About this exercise: When you reach the line containing "Profile Picture of", start transcribing exactly and continue through the last line of the data, skipping every picture.
===== Records supplied
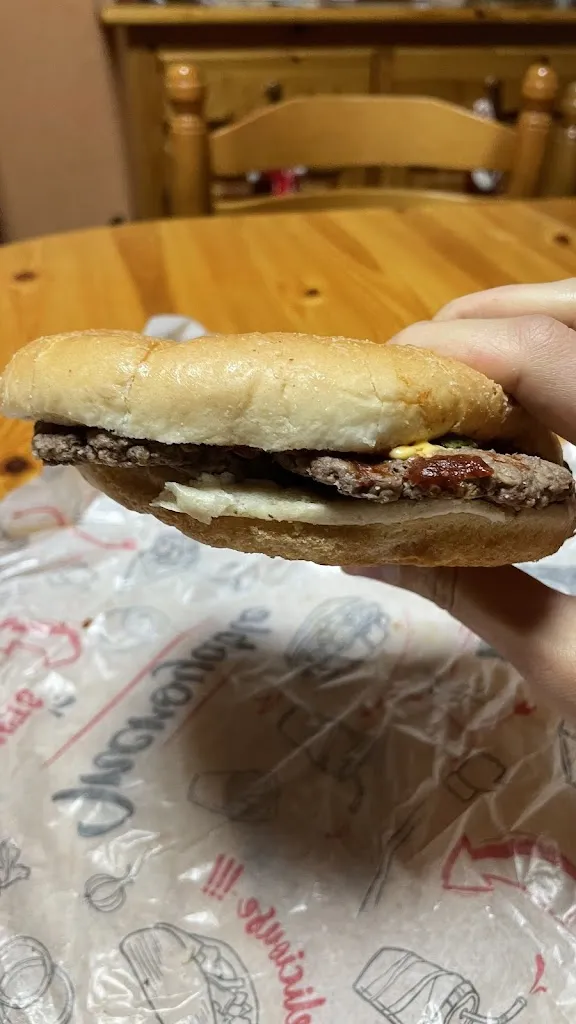 Menu_Bigman_Carnoux-en-Provence_image_8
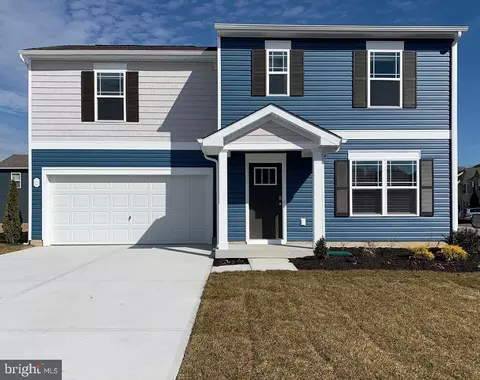 1635 Terrapin Cir, Cambridge, MD 21613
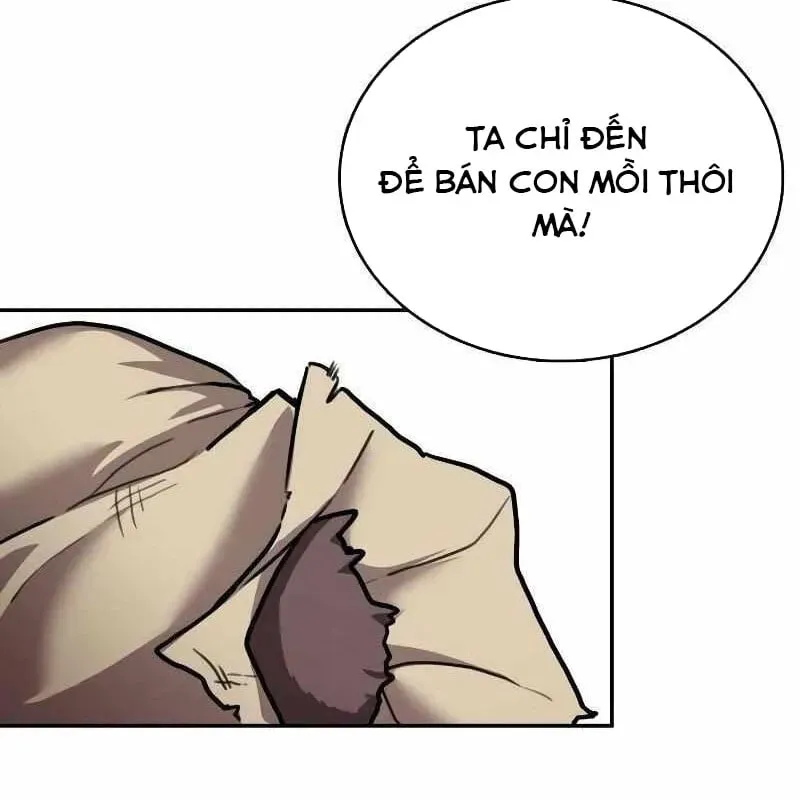 page 209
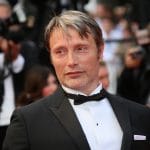 Hannibal : la série avec Mads Mikkelsen débarque sur Netflix
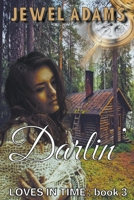 Darlin B0B48KLCG9 Book Cover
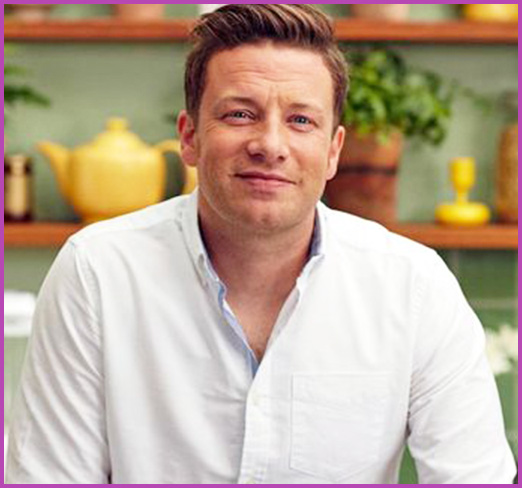 jamie-oliver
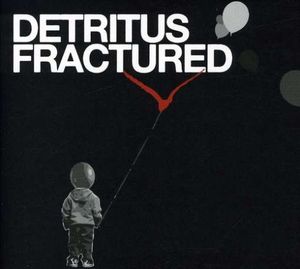 Interrupted (DJ Hidden remix)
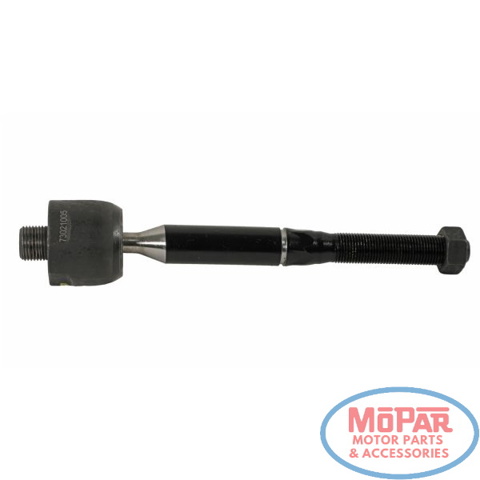 Тяга рульова EV801494 MOOG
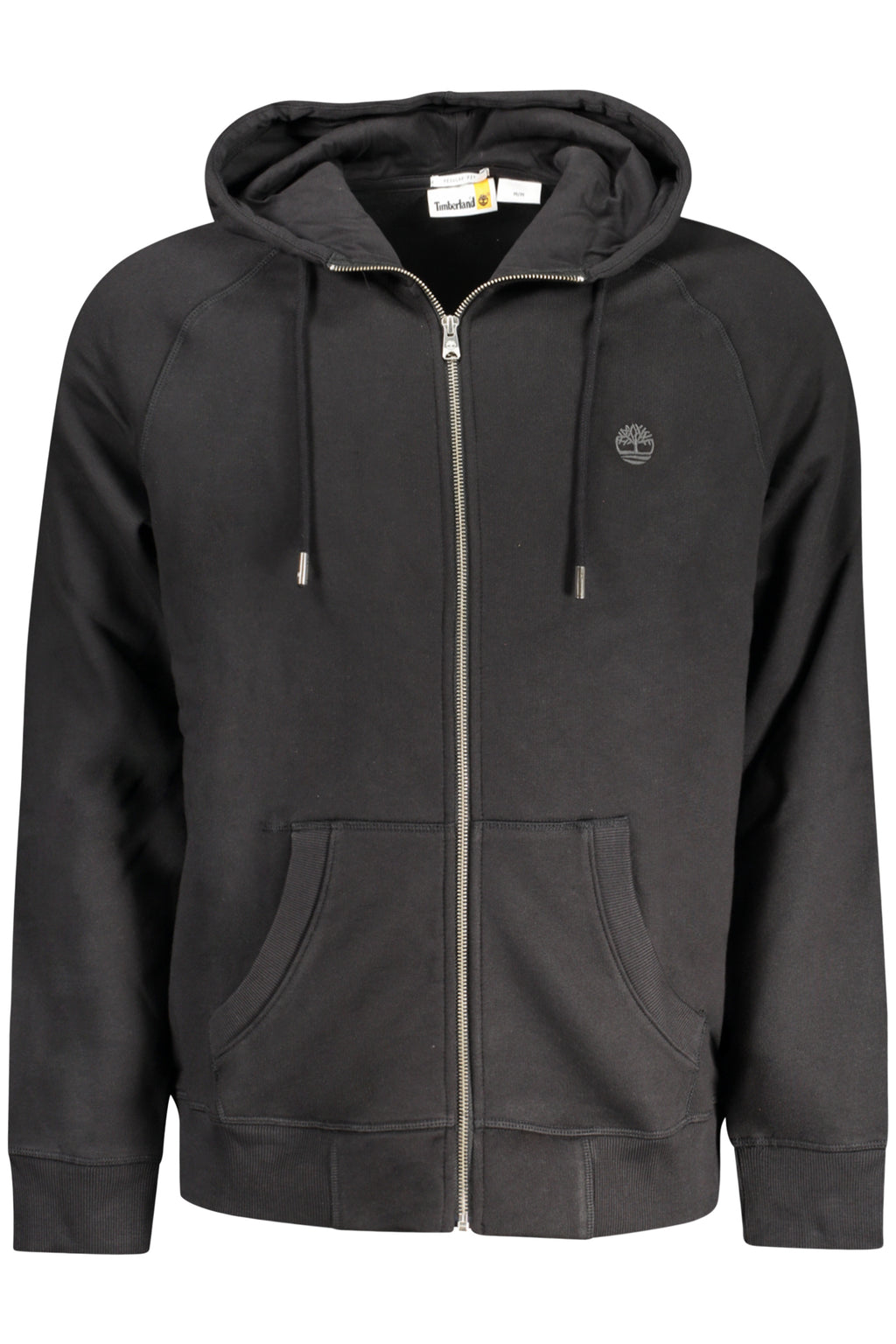 TIMBERLAND Men Hoodie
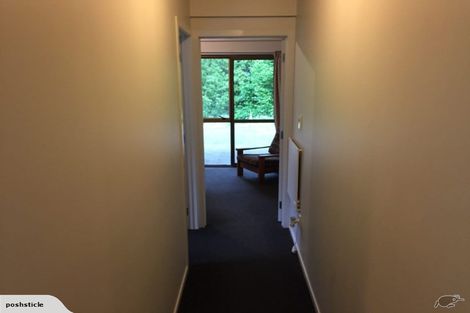 Photo of property in 2 Branch Road, Lake Okareka, Rotorua, 3076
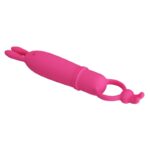 Delia Bullet Vibrator - Image 5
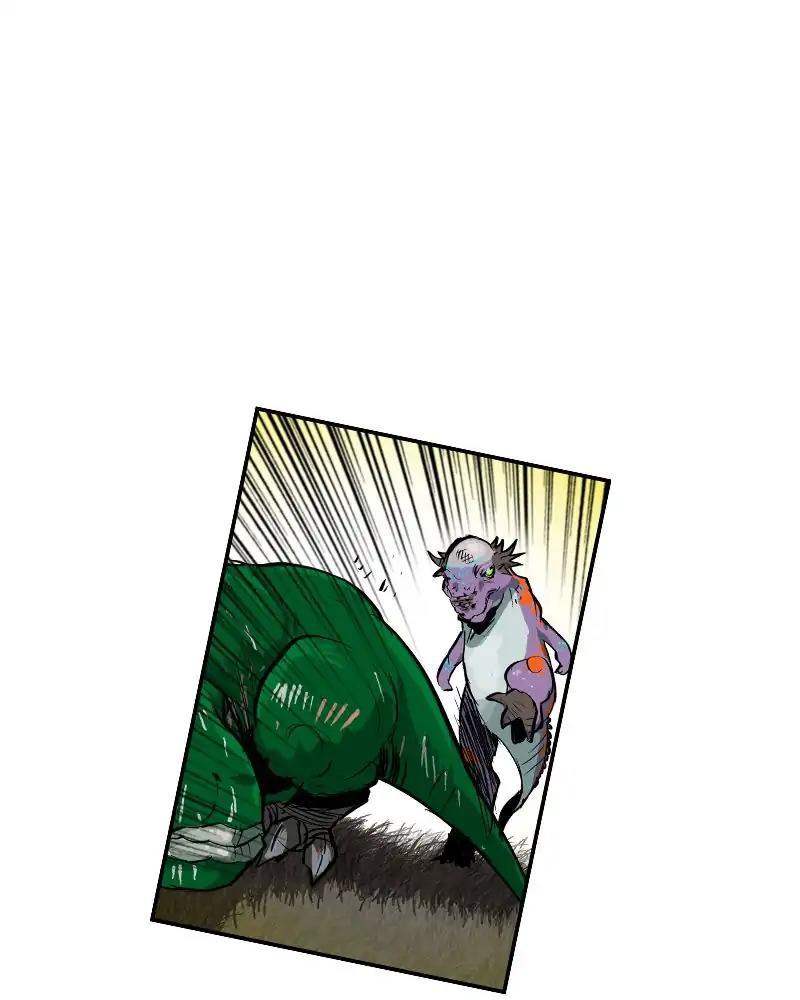Darbi Chapter 94 page 13 - 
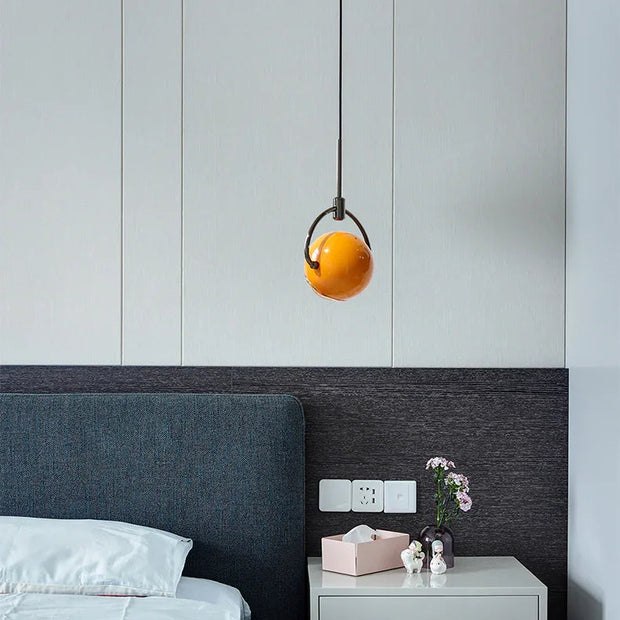Adalyn Pendant Lamp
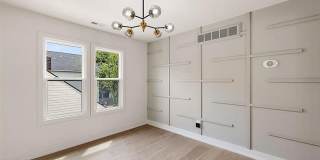 310 E HARRY Avenue Gallery 9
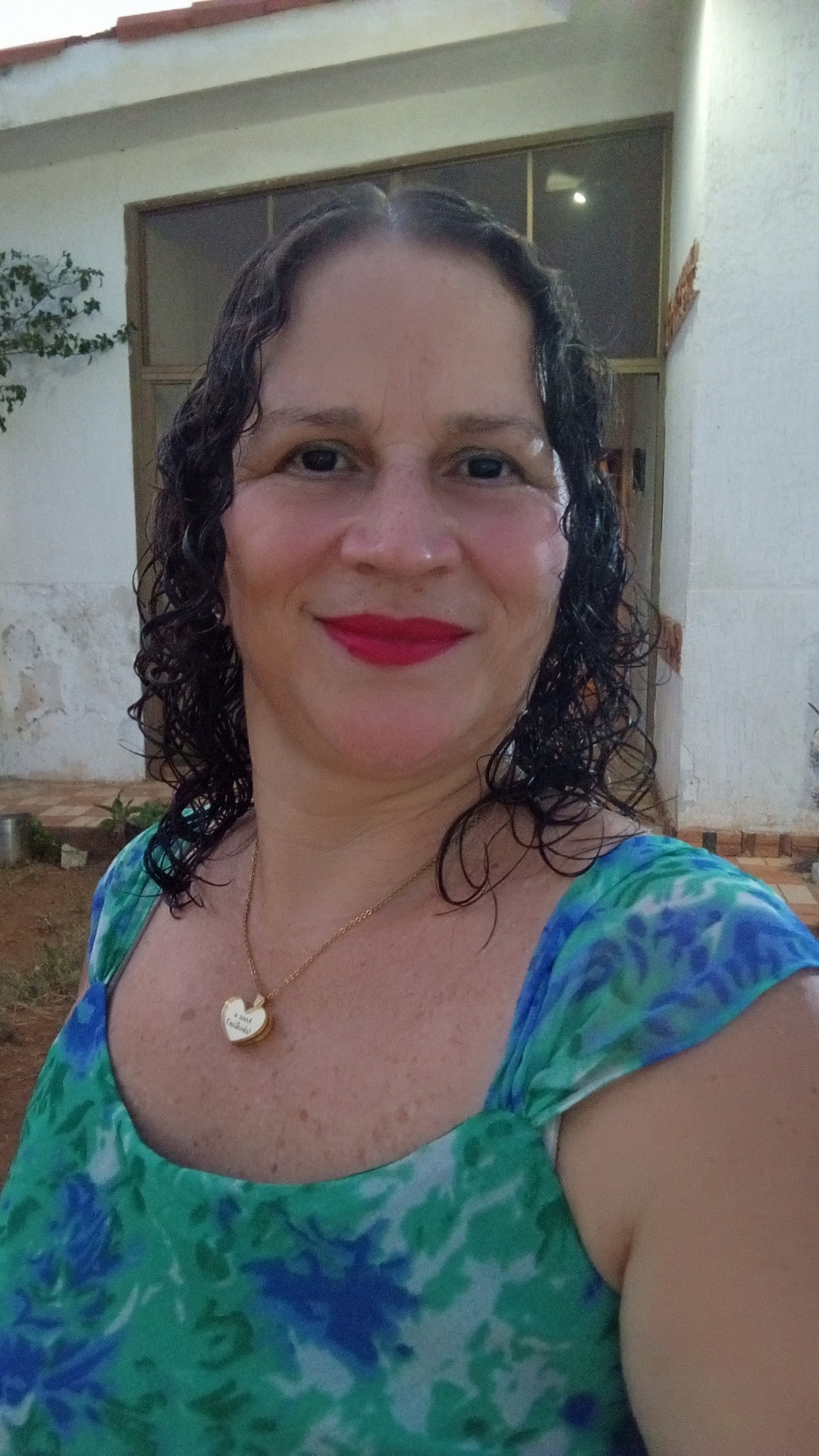 Milangela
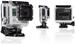 GoPro Hero3 Black Edition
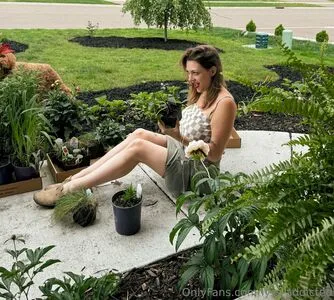 Lyss Addicted OnlyFans Leaked Free Thumbnail Picture - #D6fDRP1Wf2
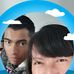 Profile Picture of Pascual Monroe (@Pascual-Monroe) on Facebook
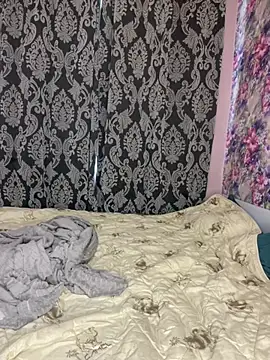viksiss online show from 29, 6, 2026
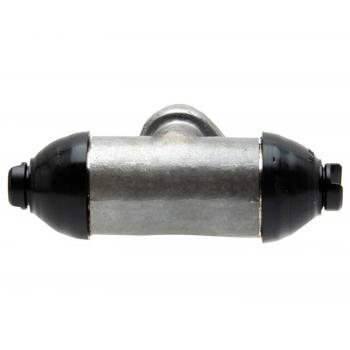 Raybestos WC37417 Drum Brake Wheel Cylinder product image 2 of 3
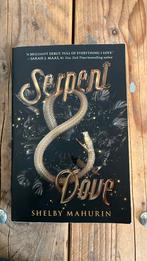 Serpent & Dove, Verzenden, Nieuw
==========
Answer for this exercise:
 Profile Picture of Pascual Monroe (@Pascual-Monroe) on Facebook
viksiss online show from 29, 6, 2026
 Raybestos WC37417 Drum Brake Wheel Cylinder product image 2 of 3
 Serpent & Dove, Verzenden, Nieuw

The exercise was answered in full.